EVOLUTION NAUTILUS TO VIRGINIA
The post-World War II US submarine community was faced with two significant challenges. First was a surplus of submarines that were of a ten-year-old design. The world for which they were designed effectively ceased to exist in late 1945 it was perceived by the general public and many in the government that there was no threat on the horizon that required a large maritime presence. These boats and the strategy that surrounded their use had been premised on cutting enemies lines of seaborne supply and communication. The submarine force had to find new tasks to support its continued existence. The second problem was the possibility that the Soviet Union possessed at least a dozen German Type XXI submarines and would reproduce this design or an improved design in large quantities. These boats were a distinct threat to the US Navy. Properly operated they were faster than destroyer sonar could track and could outrun a destroyer in rough seas. Thus any battle group that hoped to oppose a rapid Soviet advance into the North Atlantic or North Pacific oceans was seriously at risk.
To consider the options available for new submarines, the Office of the Chief of Naval Operations (OpNav) formed the Ship Characteristic Board (SCB) to replace the General Board for ship design. The SCB produced design requirements called characteristics and each was given a number.

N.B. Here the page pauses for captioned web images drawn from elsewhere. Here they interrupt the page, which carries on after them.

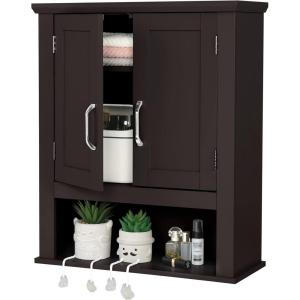 imageVINGLI Bathroom Cabinet Wall Mounted Espresso Wall Cabinet Floating Cabinet for Wall Storage Bathroom with Doors and Adjustable Shelf Medicine Cabinet OrganizerEspresso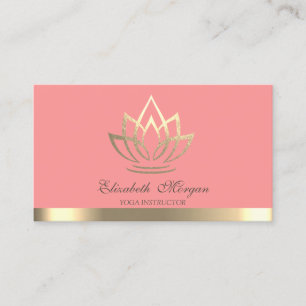 Elegante Eenvoudige Gouden Lotus Yoga-instructeur Visitekaartje
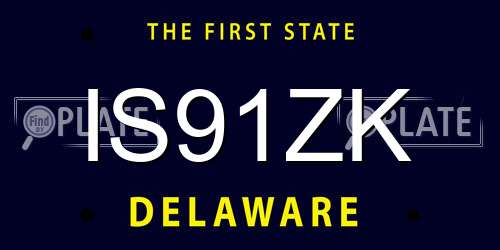 IS91ZK Delaware License Plate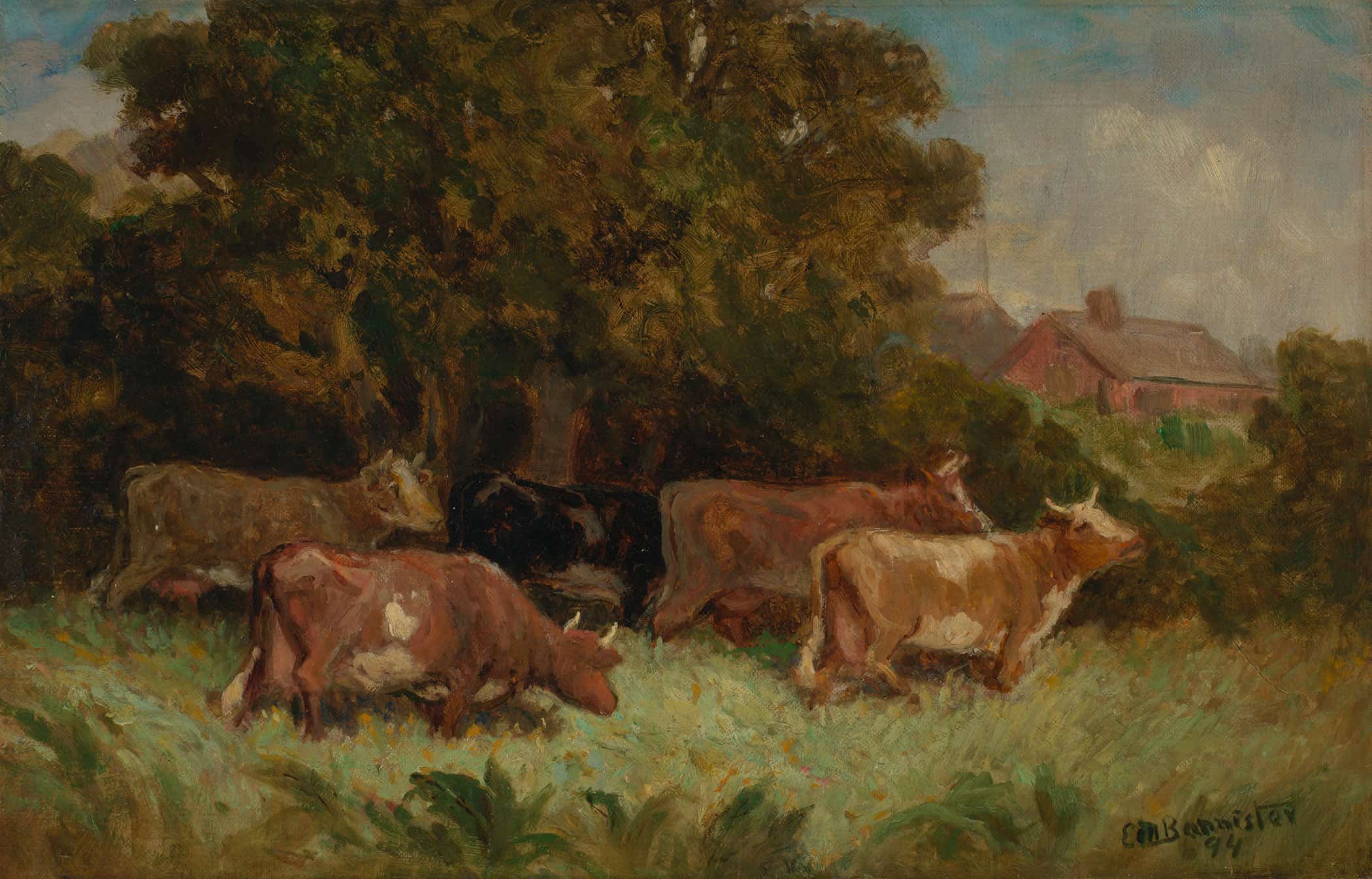 Untitled Five Cows In Pasture Rooftop In Background by Edward Mitchell Bannister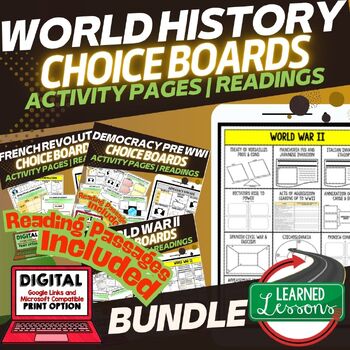 World History Choice Board Bundle | Print & Digital Activities Part 2 - preview 1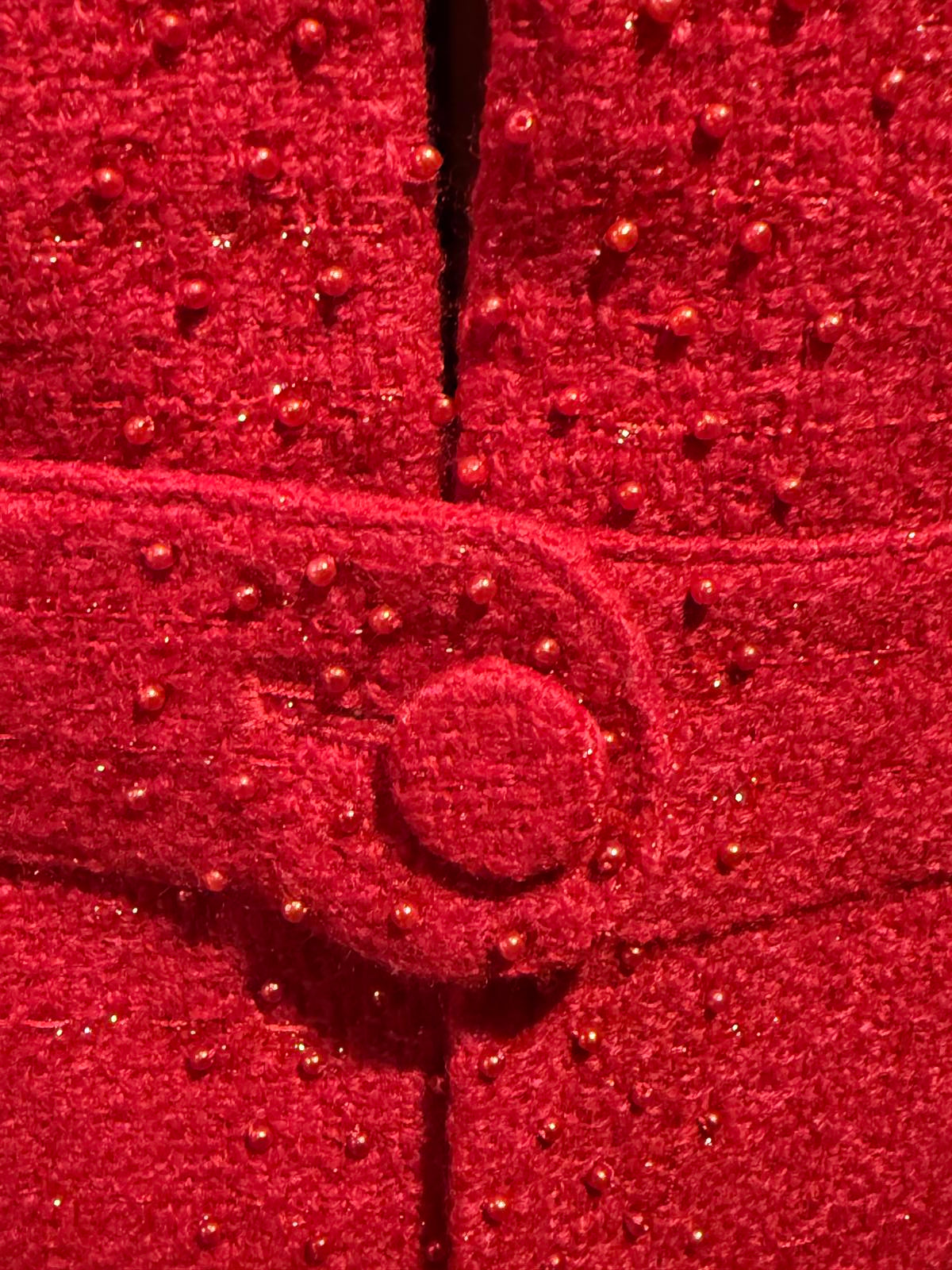 Adrianna Papell Red Tweed Long Sleeve Belted Jacket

In addition, the SCB produced design policy documents that served as guidance for not only the design, but the fleet implementation of the design features. The SCB in 1945/46 realized that it had to redesign the fleet submarine and the new design had to be as good as, or (preferably) better than, the Type XXI U-boat. Design characteristics that the SCB wanted improved included sonar, weaponry, silencing, batteries and underwater endurance, propulsion systems, and underwater speed and control.
In the fall of 1945 Commodore Comstock, the head of the Bureau of Ships (BuShips), asked skippers and operational commanders for their views on new submarine design requirements in the areas of speed, design depth, power plants, and the effect of nuclear weapons on submarine operations and strategy. Based on the results, the design operating depth of new submarines was to be increased to 700ft, with an eye toward 1,000ft. Underwater speed would have to be increased much of this could be attained by removing all external appendages, smoothing the hull lines, and through fairing. Model testing showed that a short submarine had better underwater performance than longer submarines.
The outcome of the initial design study was the 1947 design for the Tang Class (SCB 2). In addition to this design, in 1946 OpNav authorized an immediate experimental program that included two nuclear propulsion prototypes, four closed-cycle systems (in which the fuel and oxdizer carried onboard allowed the engines or boilers to be operated without external air), one arctic, and one midget submarine. This program was in addition to the build cycle for the Tangs. Budget restraints, however, limited the Tang schedule from six per year to two per year and put construction of the prototypes on hold because the designs were changing too fast. Then in 1950, the entire US defense budget was seriously curtailed. The submarine force struggled to have any new submarines built at all. By the time the Fiscal Year (FY) 1952 budget cycle came around, the Tang design was six years old, and a new design was needed to keep pace with the Soviets.